Handsome renovations at city hall!
This makeover should extend the life of the current building for many years — a good investment by council, especially when contrasted with an expensive, brand-new building previously promoted by some former council members.
A few candidates running in Courtenay are again calling for amalgamation, forgetting the fractious and costly attempt in the ’90s. Many residents will recall that the voters of Comox and the electoral areas soundly rejected it in a 1999 referendum.
Instead of revisiting old negative campaigns or returning to unproductive bashings of the regional district, the current council’s example of co-operation with other local councils and boards will be more beneficial for the Valley in the long run.
We already have efficient regional systems for water supply, sewage, and solid waste.
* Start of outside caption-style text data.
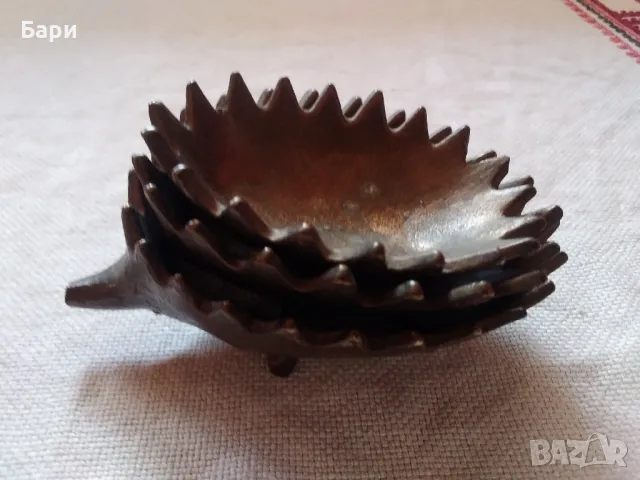 Стари дизайнерски бронзови пепелници с таралежи, в стил Walter Bosse, снимка 11 - Антикварни и старинни предмети - 47755779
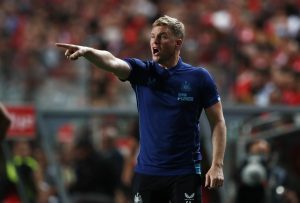 eddie-howe-managing-newcastle-united-against-benfica-preseason-2022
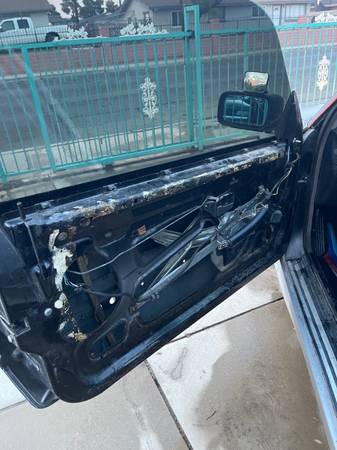 1994 BMW 318is — photo 4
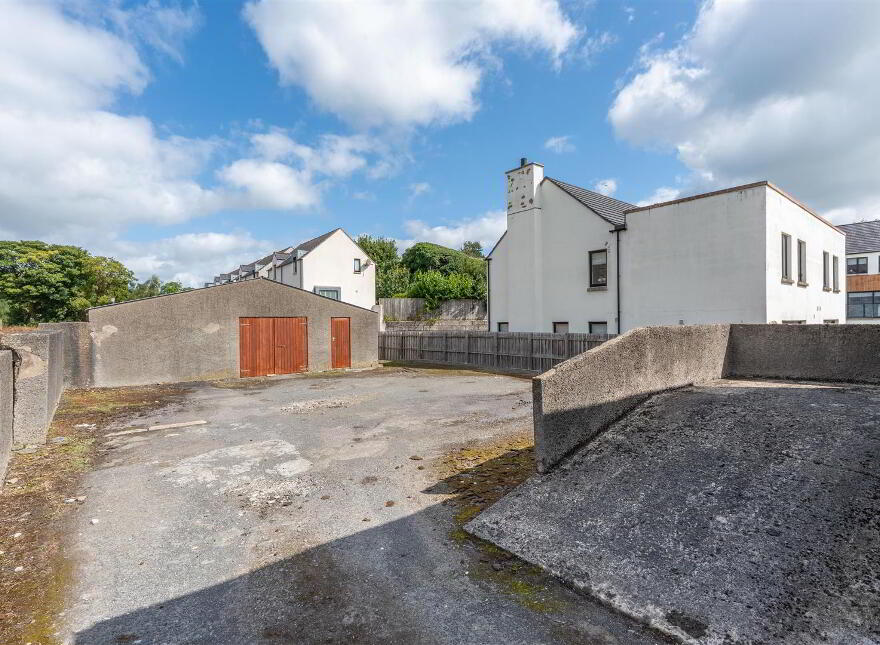 17 - 19 Main Street, Saintfield, BT24 7AA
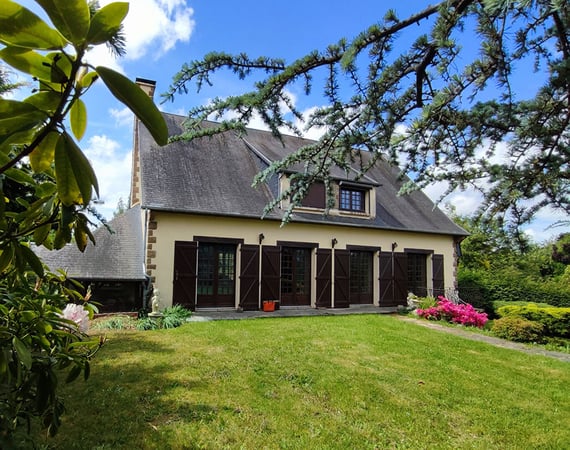 House in Isigny-le-Buat - view 1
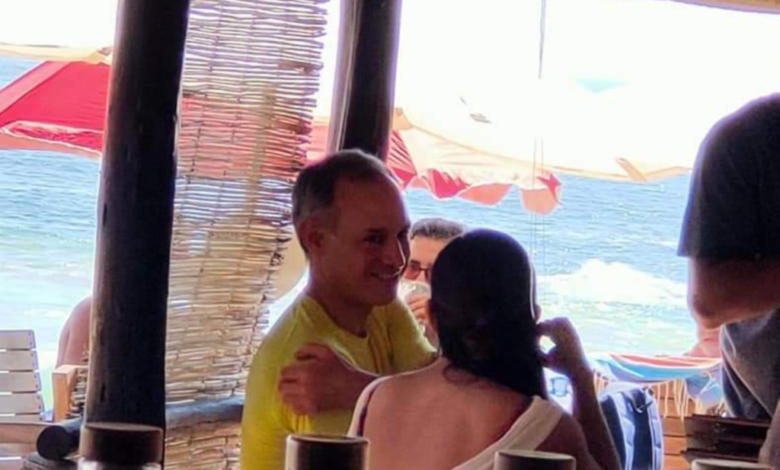 Captan a López-Gatell de vacaciones en playas de Oaxaca en plena pandemia 1 Captan a Lopez Gatell de vacaciones en playas de Oaxaca en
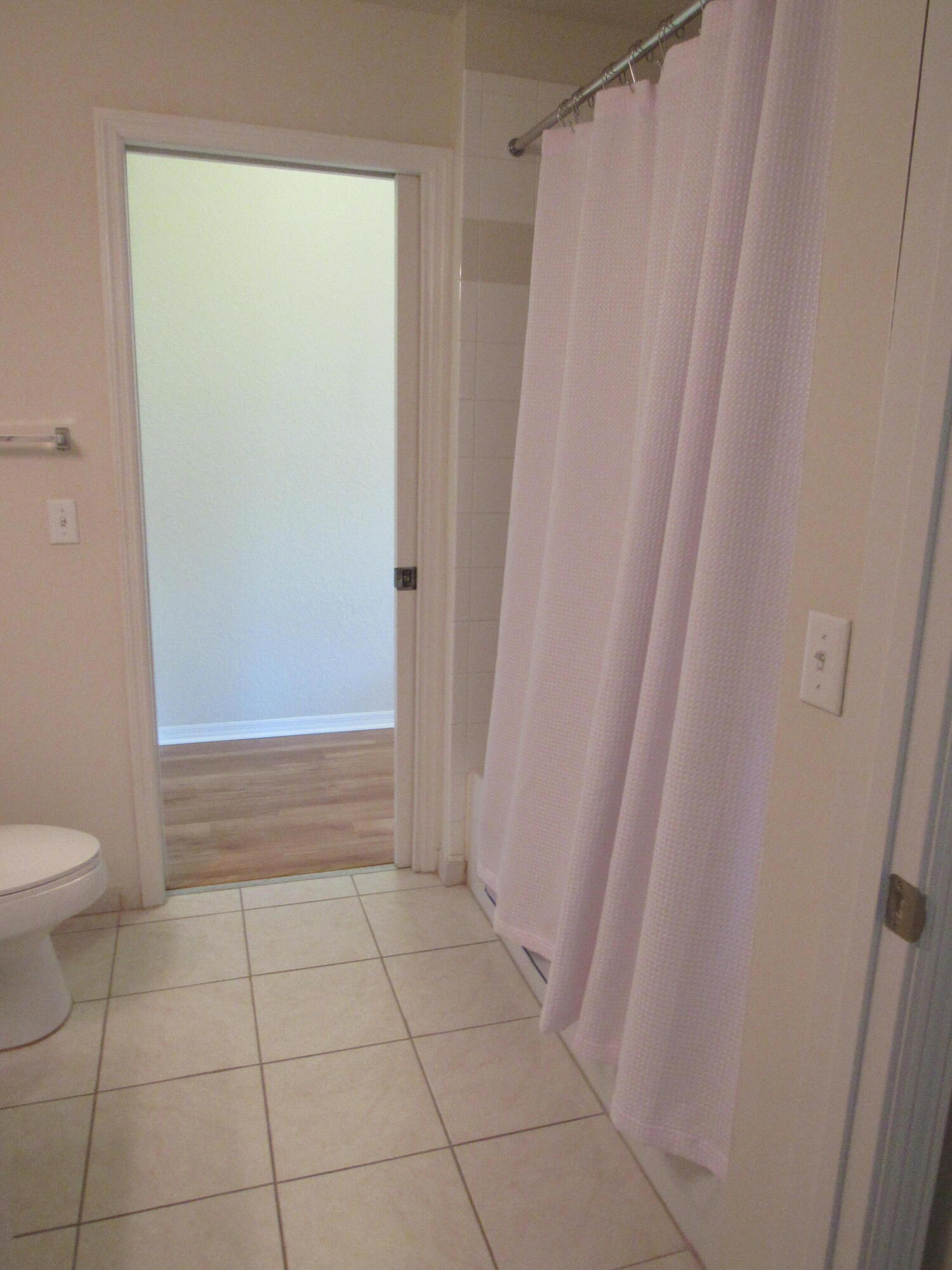 11019 Legacy Lane, Unit 305 Palm Beach Gardens, FL 33410 - Photo 19 of 40 Guest bath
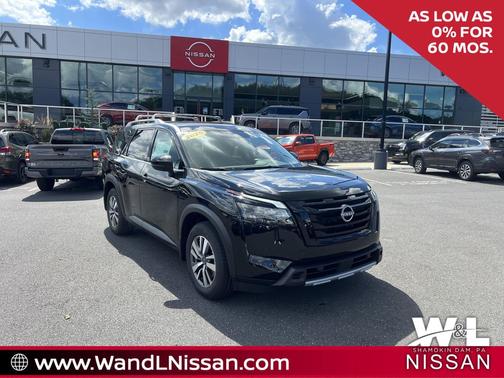 2025 Nissan Pathfinder SL 4WD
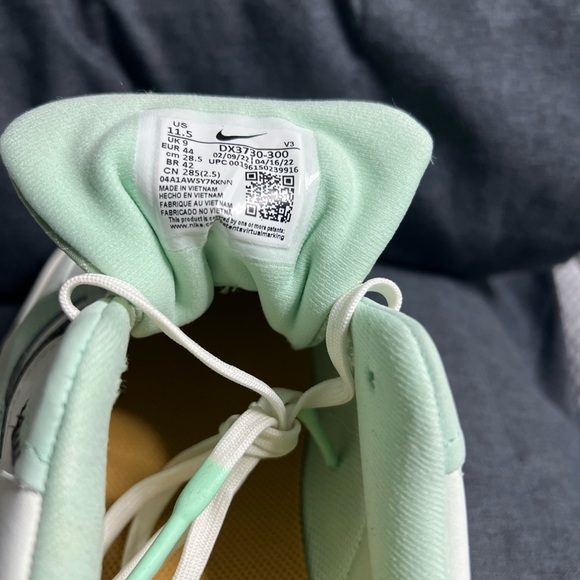 Nike Women's Sneakers - Picture 1 of 2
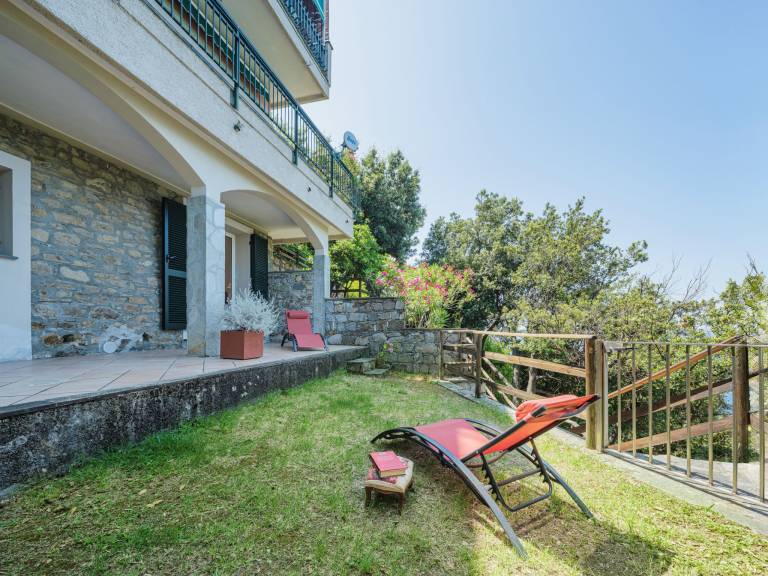 Holiday apartment with patio & garden | Sea view — photo 4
Let’s build on this success, and remind ourselves that servicing sprawl is expensive.
One local candidate laments that more water flows down the Puntledge in one day than is used by all residents in a year. Of course the key difference is that, unlike river water, our drinking water has been treated, pumped, monitored, and piped. Conservation efforts keep down the demand on the existing system and delay the costs for new infrastructure — a benefit to everyone using regionally managed water.
What sometimes passes for common sense can be merely the simplistic. Voters should be very wary of developer-driven agendas. The common good always trumps individual self-interest.
On Saturday, I’m voting for positive, constructive local government, and I encourage all civic-minded people to get out there and vote.